I became obsessed with the scales. Every single morning, I would begin my day by climbing onto them. Three times. Just to check that the number was right and that they weren’t tricking me. If I were lighter than the day before, my day would go well. On the other hand, if I weighed in heavier than the previous morning, the rest of the day would likely be ruined. I wanted to look like somebody else. I ached for the opportunity to start again, to chop bits off and draw new parts with a black sharpie, to have neat lines and smooth edges.
“It has something to do with being less concerned with how my body looks and focusing instead on what I can do with it”
It has only recently changed, that I have slid from one pole to the other. Some of this has been to do with the company I am in. I spend time with people that love me exactly as I am, sharp elbows, bruised knees, and all. It makes such a difference being told, in words, that you are enough, that you are somebody who deserves love and support and respect, rather than being told all the ways you can remodel yourself to better fit into the shape others expect you to take. But I think it is also closely related to being less careful. It has something to do with being less concerned with how my body looks and focusing instead on what I can do with it, the things I can achieve in rowing and in netball and in all the other aspects of my life if I just stretch a little further, jump a little higher, push a little harder.
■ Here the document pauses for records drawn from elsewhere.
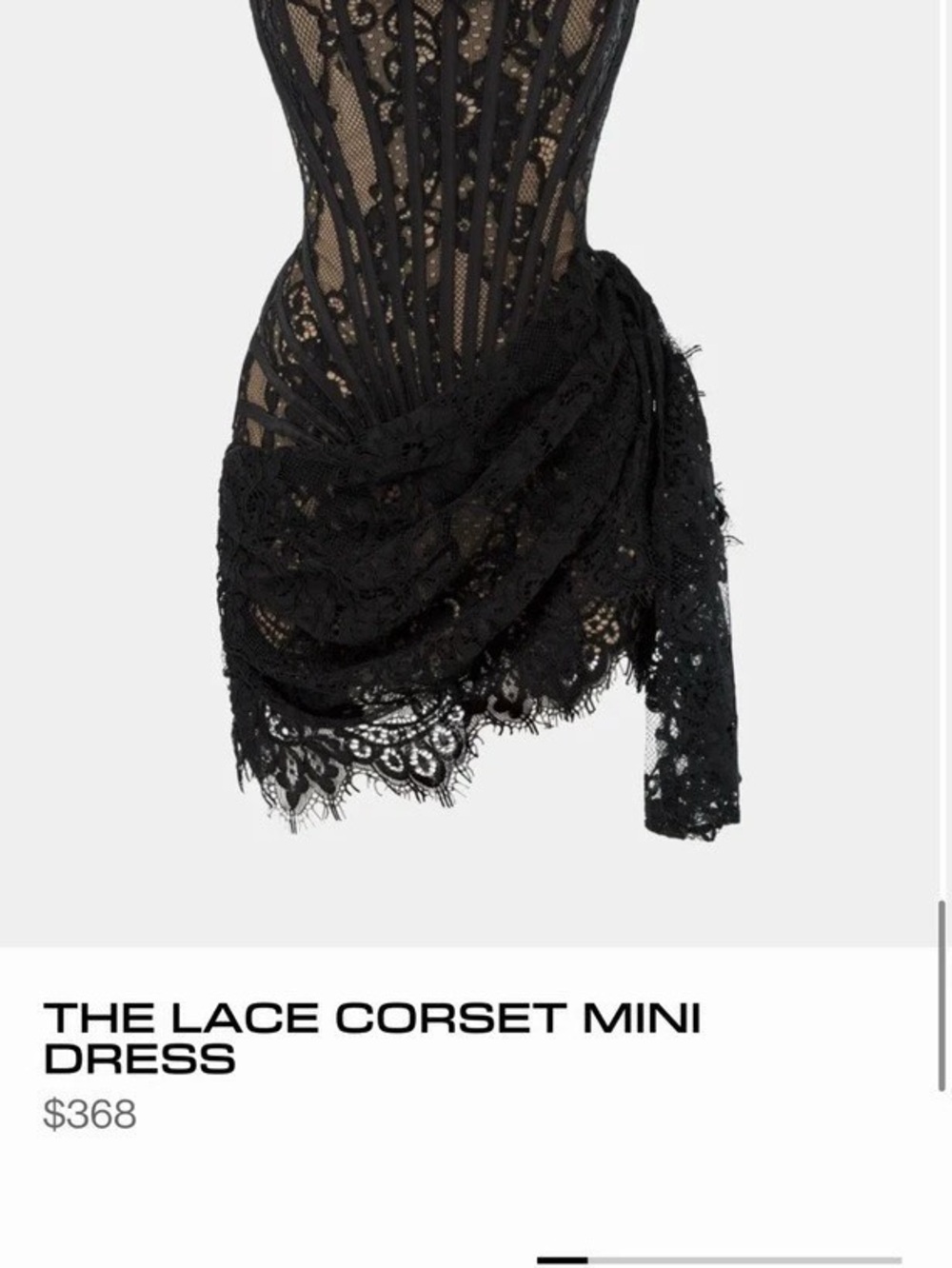 Heiress Beverly Hills The Lace Corset Mini Dress in Black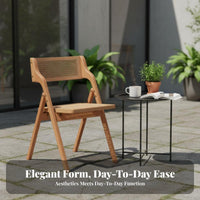 Foldable Armchair Space-Saving Upholstered Armchair Thick Cushion for Balcony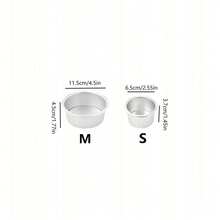 1pc/5pcs Set, Mini Round Cake Molds With Removable Bottom, Suitable For Desserts And Cakes. Handmade Baking Molds For Cheesecake, Cupcakes, Sweets And DIY Baking - Ideal For Holidays, Mother's Day, Easter, Christmas, Halloween. - Multicolor - View 12
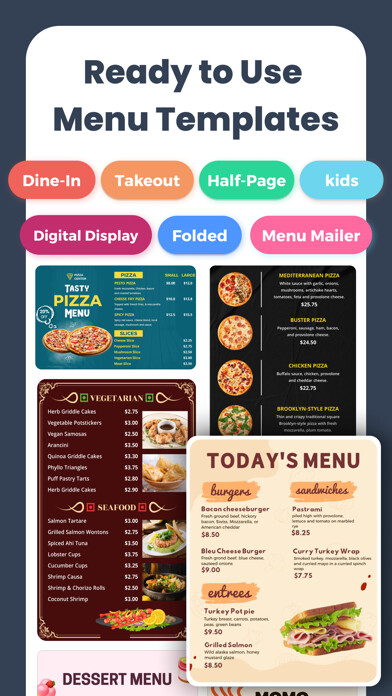 Emulate iPhone app Lisi: Menu Maker, Templates using MyAndroid Emulate iPhone app Lisi: Menu Maker, Templates using MyAndroid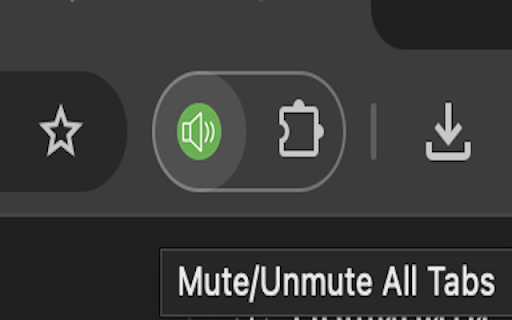 Mute All Tabs  from Chrome web store to be run with OffiDocs Chromium online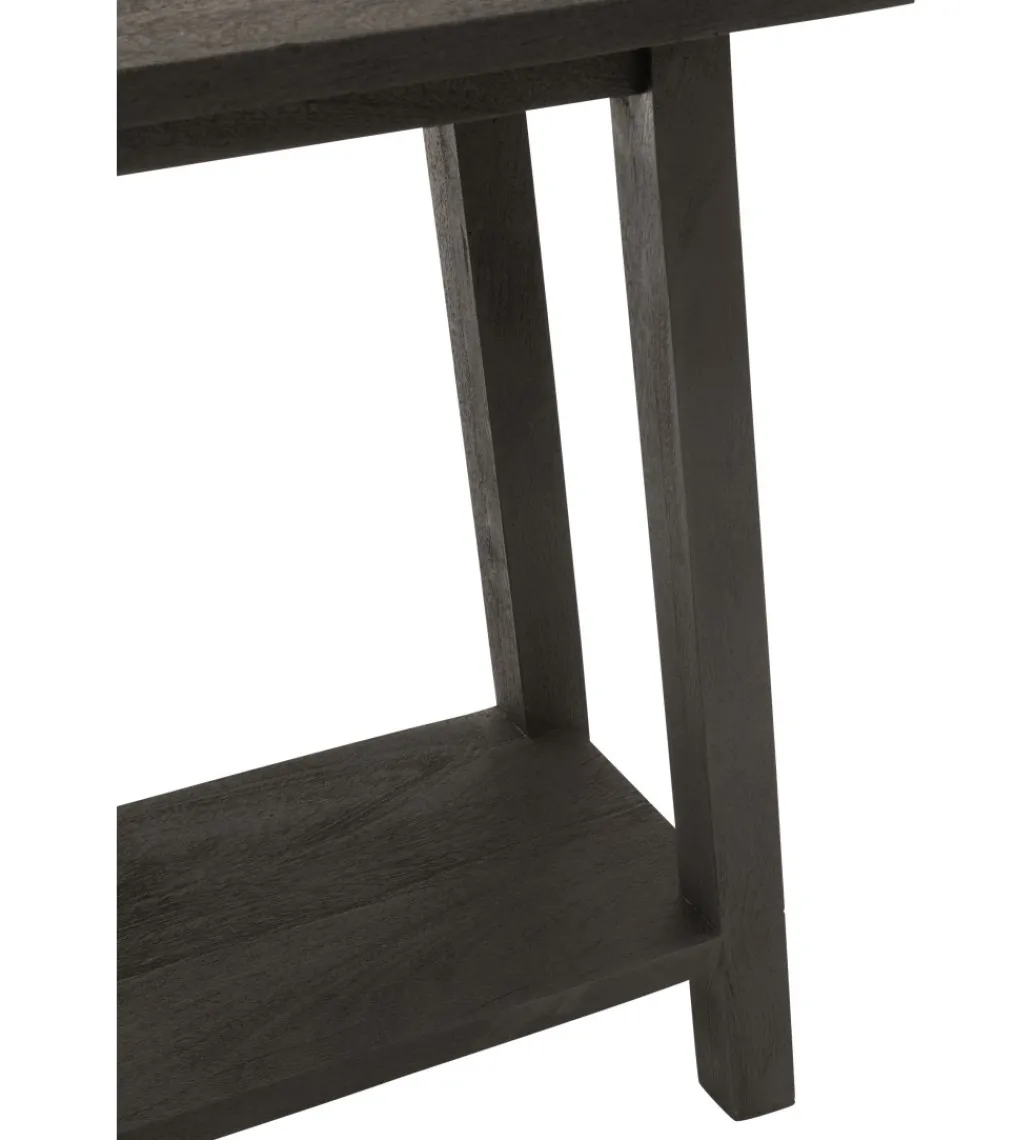 Konsola SQUARE 120 cm drewno mango czarne*J-Line Outlet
At the end of Easter term last year, while moving a boat back into the college boathouse after an hour out rowing in the sunshine, I scraped the rigger along the top of my arm. I didn’t really notice how much it hurt at the time, because I was concentrating so hard on not letting this very expensive boat fall to the ground, but soon it began to bleed, and I spotted the thin incision the rigger had made from the end of my collarbone to the bottom of my shoulder: a long maroon scab, almost like stitching, as if someone had tried to sew my arm back to my body.
“For so long I was unable to appreciate all the things we had made it through, my body and I”
I have always liked being injured. I know that sounds awful, and I don’t mean seriously injured, of course, not broken bones or snapped limbs. But cuts and scrapes, I like. Cuts and scrapes have always seemed to me like an opportunity for recovery, to rebuild myself, and make myself stronger. I have never loved myself very much, but the times when I watch my body fix itself, turn a cut into a scab into a scar, I am reminded that above everything else, I am pushing myself into a future. I am in control.
Year on year, for almost a decade, I let my body get the better of me. I grew as an individual in that time, of course, made plans, met people, moved through time collecting things and moments and experiences that make my life better and brighter, but I never managed to get over the feeling that there was something wrong with the vehicle I was doing it in. It wasn’t that I wasn’t confident. I felt perfectly comfortable sitting in a cafe and having lunch solo. I was more than happy to defend myself in an argument, to push back against those who tried to squash me. But to be happy in my own body without the reassurance of a significant other? For so long, this was beyond me. For so long I was unable to appreciate all the things we had made it through, my body and I.
Now, when I look in the mirror, I glow. Not every day, obviously. Not when I am bloated pre-period or covered in mud from a wet cycle back to college. But finally, when I look in the mirror, instead of seeing each of the bits I dislike about myself, I now see a whole person.
I still have the rigger scar. It is still long and straight, still runs from the end of my collarbone to the bottom of my shoulder, but now rather than an angry red it is a soft white colour, flattened not raised. Sometimes, in the shower, I run my fingers along the length of it. It reminds me that I am always growing, in ways that are making me better and bolder and more resilient. I am strong, and I am healthy. I can run for miles or row for hours. I can also eat an entire packet of biscuits in one go, if I want. I can live fully and feel at home in my own body, without anyone else.